This project accompanies the Medium article series by Sergey Neskoromny:
Follow me on LinkedIn and Medium for more on AI tools, mobile development, and whatever I'm currently building!
The agent takes a task, calls tools when needed, observes the results, and loops until it has a final answer. Three modes:
| Mode | What happens |
|---|---|
local | All LLM calls go to a local Ollama model — fully offline |
remote | All LLM calls go to a cloud provider (OpenAI, Anthropic, or Gemini) |
mixed | Local Ollama orchestrates the loop; it delegates complex subtasks to the remote model via ask_remote() |
git clone https://github.com/sergenes/mini-agent
cd mini-agent
python -m venv .venv
source .venv/bin/activate # Windows: .venv\Scripts\activate
pip install -r requirements.txt
cp .env.example .env
# edit .env and add your API keys
For local/mixed mode, install Ollama and pull a model that supports function calling:
ollama pull llama3.1 # good default
ollama pull qwen2.5 # strong at tool use
ollama pull mistral-nemo # lighter alternative
ollama serve
python agent.py --mode local "What is 15% of 847?"
python agent.py --mode local --local-model qwen2.5 "What's the weather in Tokyo and today's date?"
# OpenAI
python agent.py --mode remote --provider openai "Explain how ReAct agents work"
python agent.py --mode remote --provider openai --model gpt-4o "Write a detailed explanation of MCP"
# Anthropic
python agent.py --mode remote --provider anthropic "Write a haiku about Python"
python agent.py --mode remote --provider anthropic --model claude-sonnet-4-6 "..."
# Google Gemini
python agent.py --mode remote --provider gemini "Summarize the ReAct paper"
python agent.py --mode remote --provider gemini --model gemini-2.0-flash-lite "..."
python agent.py --mode mixed "What's today's date, and explain quantum entanglement in simple terms"
python agent.py --mode mixed --local-model qwen2.5 --provider anthropic "..."
In mixed mode the local model decides what to handle itself and when to call ask_remote().
Simple tool calls (calculate, get_date) stay local. Knowledge-heavy tasks go to the cloud.
python agent.py --mode local --interactive
python agent.py --mode mixed --interactive
Try providers in order; skip models that don't support structured tool calling:
python agent.py --mode local --fallback llama3.1 mistral-nemo "What is 15% of 847?"

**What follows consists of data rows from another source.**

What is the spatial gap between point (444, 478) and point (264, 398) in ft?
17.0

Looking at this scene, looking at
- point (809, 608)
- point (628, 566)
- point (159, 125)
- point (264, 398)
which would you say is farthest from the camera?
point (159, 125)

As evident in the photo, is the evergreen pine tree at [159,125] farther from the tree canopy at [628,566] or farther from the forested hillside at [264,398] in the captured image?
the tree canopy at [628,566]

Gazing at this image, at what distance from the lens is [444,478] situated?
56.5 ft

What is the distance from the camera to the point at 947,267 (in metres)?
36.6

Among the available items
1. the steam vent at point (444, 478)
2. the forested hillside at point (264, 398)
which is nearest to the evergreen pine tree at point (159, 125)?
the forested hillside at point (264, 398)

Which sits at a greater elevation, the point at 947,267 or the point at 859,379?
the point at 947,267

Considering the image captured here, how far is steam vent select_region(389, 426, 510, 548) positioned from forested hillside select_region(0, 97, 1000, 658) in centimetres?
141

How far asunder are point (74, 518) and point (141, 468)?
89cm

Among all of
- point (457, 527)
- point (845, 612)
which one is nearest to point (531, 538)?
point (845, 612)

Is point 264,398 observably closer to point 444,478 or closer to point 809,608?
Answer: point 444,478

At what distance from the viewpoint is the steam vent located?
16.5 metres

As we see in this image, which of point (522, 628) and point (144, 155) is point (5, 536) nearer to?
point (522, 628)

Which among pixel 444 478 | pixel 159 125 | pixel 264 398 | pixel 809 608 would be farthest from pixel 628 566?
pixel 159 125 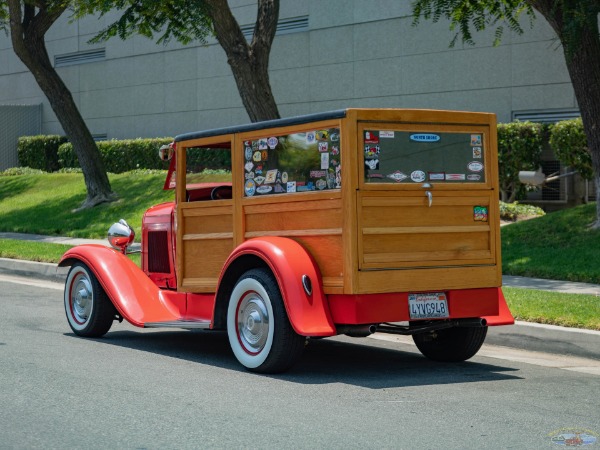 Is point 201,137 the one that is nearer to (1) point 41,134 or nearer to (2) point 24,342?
(2) point 24,342

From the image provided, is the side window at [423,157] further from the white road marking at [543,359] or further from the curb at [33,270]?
the curb at [33,270]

If qwen2.5 (the default) fails or outputs text-based tool invocations, the agent retries with llama3.1, then mistral-nemo. Each attempt uses the full reliability stack from reliability.py.
This demonstrates the reliability layer surviving a real network interruption:
python agent.py --mode remote --provider openai \
"Get today's date and the weather in Tokyo."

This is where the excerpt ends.